As Israel celebrates its 69th Independence Day on Tuesday, UNESCO, the U.N. education and social agency, is likely to pass another anti-Israel resolution – this one declaring that Yerushalayim is not under Israeli sovereignty. The new resolution, the latest in a series of anti-Israel resolutions by the organization, is expected to pass, despite feverish Israeli diplomatic activity against it.

Israeli diplomats have particularly been appealing to European countries to side with it against passage of the new resolution, but have made little headway. A report in Haaretz Sunday quoted Israeli sources as blaming Germany for the situation. However, the report adds, the Arab states that are sponsoring the resolution agreed to take a “softer” approach than in previous resolutions, after Germany promised to vote in favor of it.

Previously, UNESCO had passed resolutions denying the Israeli connection to Me’aras Hamachpelah, Kever Rochel, and the Kosel and Har HaBayis. UNESCO President Irene Bukova backtracked from that latter resolution, passed last October, after an international outcry.

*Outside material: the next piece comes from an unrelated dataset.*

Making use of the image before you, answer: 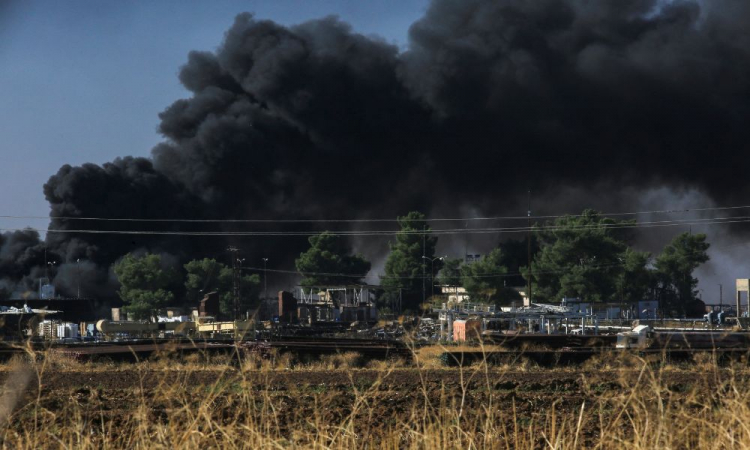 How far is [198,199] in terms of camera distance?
10450cm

The new resolution says that “any action taken by Israel, the occupying power, to impose its laws, jurisdiction and administration on the city of Jerusalem are illegal and therefore null and void and have no validity whatsoever.” The resolution applies not just to areas of Yerushalayim liberated in the Six Day War, but in the western area of the city that was under Israeli sovereignty before 1967 as well. All Israeli institutions in Yerushalayim, including the Knesset, are “irrelevant,” if not illegal. Har HaBayis is not expected to be mentioned in the resolution.

Israeli officials told the Jerusalem Post that they feared the decision could make diplomacy with Europe more complicated, as European countries that choose to follow the letter of the resolution could use it as an excuse to avoid or ignore Knesset decisions about governance in Israel altogether, since the body sits in an “illegally occupied” area.